Some think the 2015 legislative session could be different, with several longtime opponents of ethics reform out of office and legislative leaders voicing support for tackling the issue.
But advocates aren’t taking any chances. Two years before the next statewide election, an ethics reform ballot measure has already been filed with the secretary of state’s office — an insurance policy of sorts in case the issue once again languishes in the statehouse.
“The legislature and governor can put a package together to take their best shot,” said Brad Ketcher, a veteran Democratic strategist who helped craft the ethics initiative petition. “If there are folks of goodwill in the legislature ready to take this on, more power to them. We can press the legislature, and if they fail, we have a year to collect signatures.”
The ballot measure would go much further than anything the Republican supermajorities in the legislature would probably be able to pass.
It would enact strict campaign contribution restrictions on legislators, but not on statewide candidates. It would ban any lobbyist gift of more than $5. Lawmakers would have to wait two years after leaving office before becoming a lobbyist, and staff members would be barred from working as political consultants.
It also stipulates that all legislative records are subject to the state’s open-records laws.
“We need to modernize our ethics laws in this state,” Ketcher said.
Rep. Noel Torpey, an Independence Republican, is leading the charge on the issue for his party in the Missouri House. He said he has spoken with GOP leaders and believes they are on board with some level of ethics reform legislation.
“There is really no reason for us not to get some ethics reform done,” he said.
He hopes to file multiple bills pertaining to various pieces of the state’s campaign and ethics laws. His focus, he said, will be on improving transparency in the system and avoiding areas of disagreement that have sunk previous efforts.
“In the past we’ve gone for a catch-all bill that tries to cover everything,” he said. “A poison pill gets in there and ultimately kills the whole thing. I really want to avoid that this year.”
The most poisonous pill of all, Torpey said, would be campaign contribution limits.
“If a bill includes contribution limits, it’s dead,” he said. “That’s just a fact. And we have to be mindful of that if we want to get anything done.”
Senate Majority Leader Ron Richard, a Joplin Republican, told The Joplin Globe that he is looking at pushing a bill that would curb lobbyist gifts and implement a cooling-off period for lawmakers-turned-lobbyists.
It would not include campaign contribution limits, he said, and would not cap lobbyist gifts.
Democrats have long complained that any bill that doesn’t include campaign contribution limits can’t be considered true reform. The fear, they say, is that Republicans will pass a weaker bill and declare the issue resolved and all momentum on the issue will die.
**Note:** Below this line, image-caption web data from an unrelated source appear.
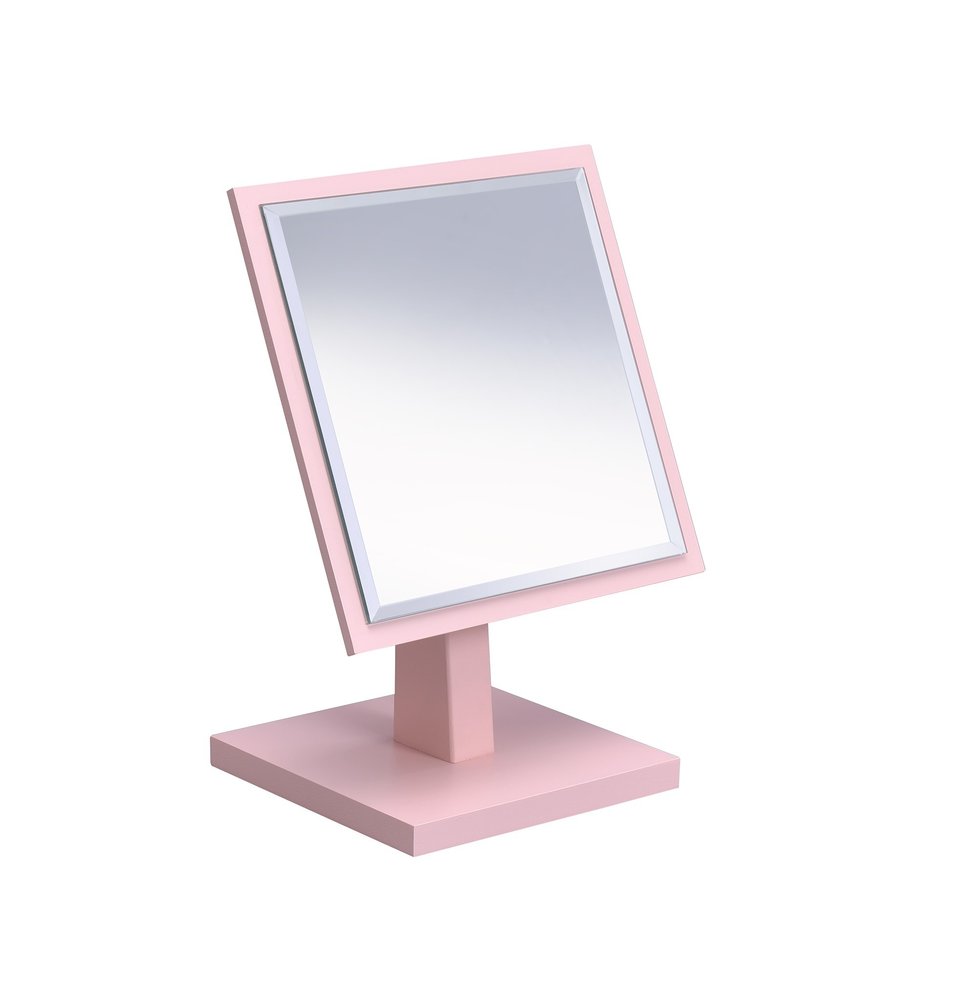 Pink Wood Square Freestanding Framed Makeup Shaving Tabletop Mirror - 9-inch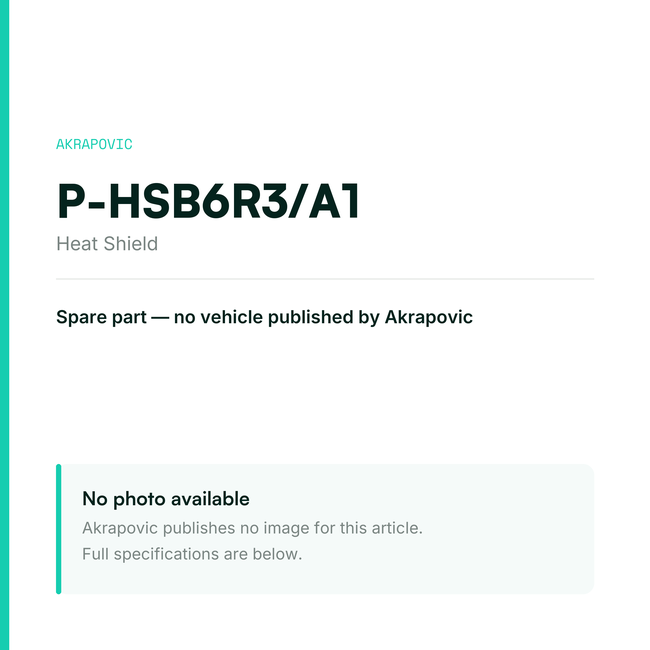 Akrapovic Heat Shield P-HSB6R3/A1 — placeholder, no manufacturer photo available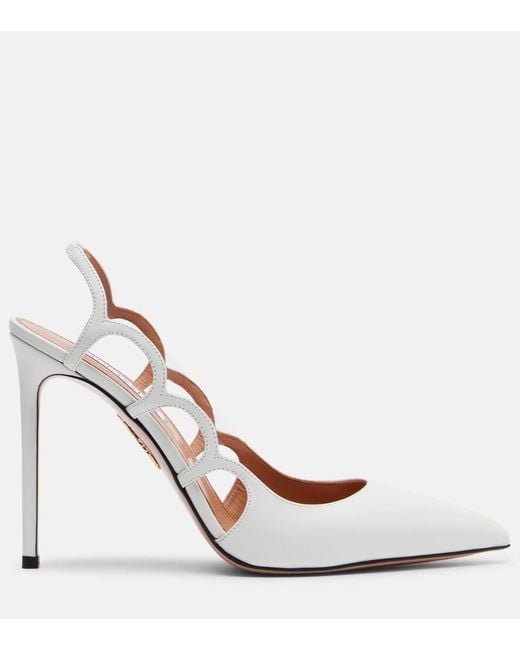 Aquazzura White Endless Love 105 Leather Slingback Pumps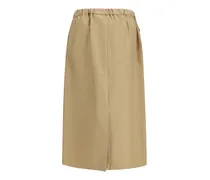 Cotton Midi Skirt — Beige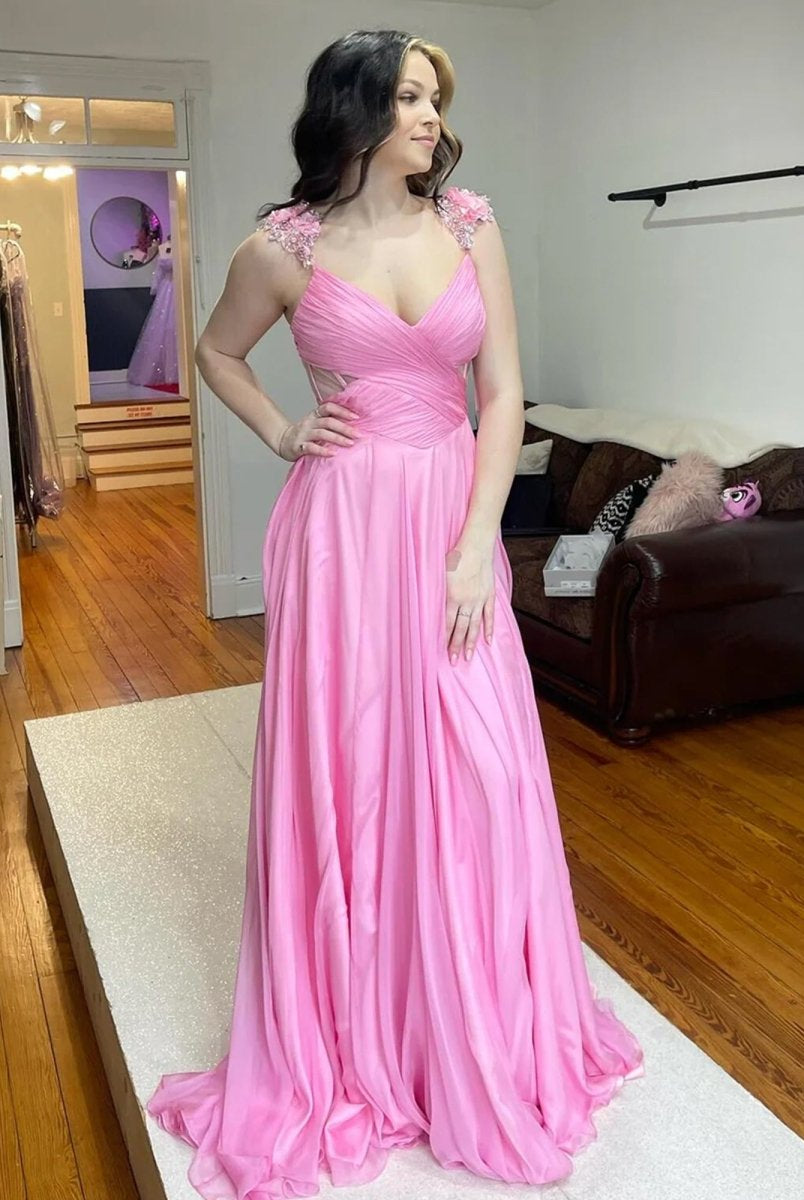 Iona | Pink Pleated Chiffon A - line Long Prom Dress - KissProm
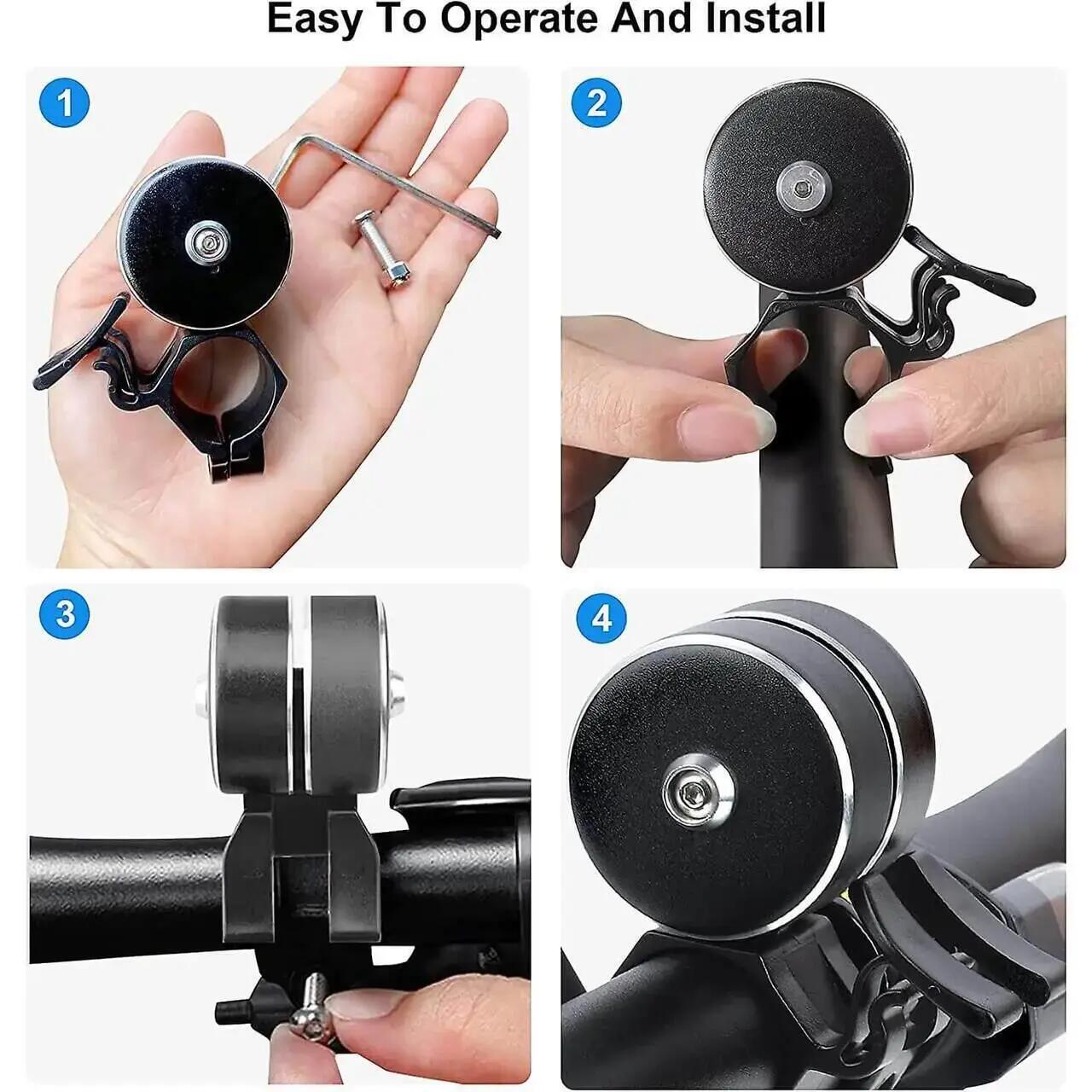 Sonerie bicicleta, metalica, mini, dubla, ding-dong, negru 4/6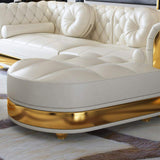 116.1" Modern L-Shape White Sectional Sofa Loveseat with Chaise-Furniture,Living Room Furniture,Sectionals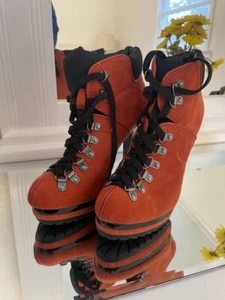 Xhilaration High Heel Boots Size 6.5 Stiletto Heel Faux Suede BURNT ORANGE - Picture 1 of 2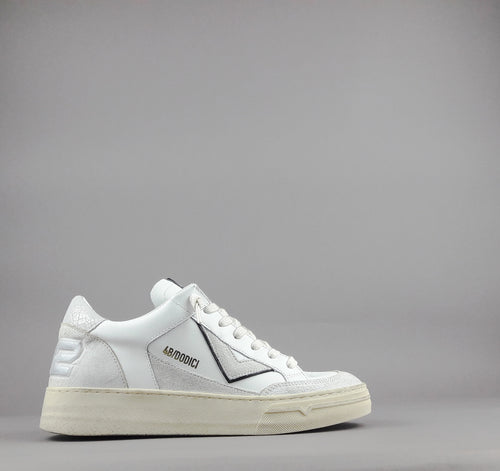4B12 Sneakers Kyle Uomo Pelle E Camoscio Bianco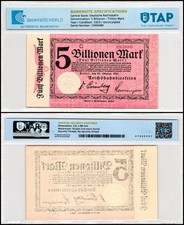 Germany 5 Billionen - Trillion Mark, 1923, P-S1169a.1, UNC, Authenticated Bank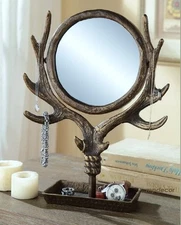 Deer Antler Table Vanity Mirror Jewelry Holder Stand Swivel ~ SPI Home 51023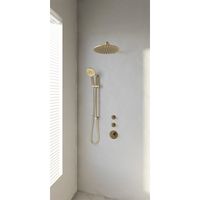 Regendoucheset Inbouw Brauer Gold Edition Thermostatisch 30 cm met Gebogen Wandarm, Glijstang en Handdouche 3-Standen Losse Stopkranen Geborsteld Goud - thumbnail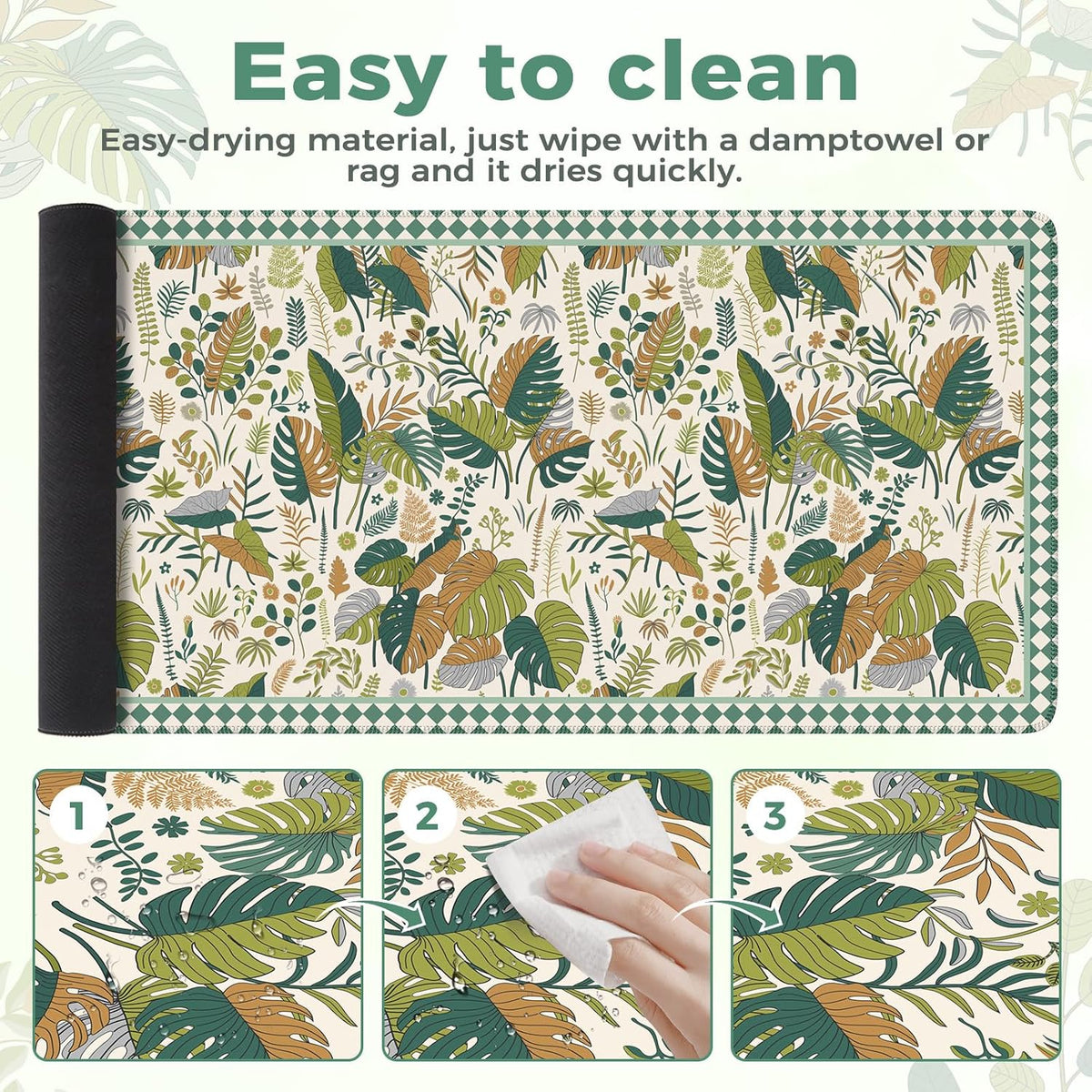 Desk Mat,Mouse Pad for Office Desk,35.4x15.7in,Pink Flowers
The initiative petition, Ketcher said, could serve as motivation for lawmakers to craft a stronger bill.
“There’s plenty of history where the fear of a ballot measure pushed lawmakers to take action when they otherwise wouldn’t,” he said.
This year, for example, a Democratic-backed plan creating a six-week early voting period never collected enough signatures to make it onto the ballot, but it inspired a legislative response by Republicans. They crafted their own proposal limiting early voting to just six days.
Voters overwhelmingly rejected that measure earlier this month.
Back in 1994, lawmakers passed campaign contribution limits to get out ahead of a much more restrictive initiative petition.
Those contribution limits were repealed by lawmakers in 2008.
Torpey knows ethics legislation is going to be an uphill battle. But the public believes the system is broken, he said, and it’s up to lawmakers to fix it.
“We have to instill more faith in the system,” he said. “A ticket to a ballgame isn’t going to buy a vote. But the general public may think it does. Maybe that negative perception is enough reason to get us to do something like a cap.”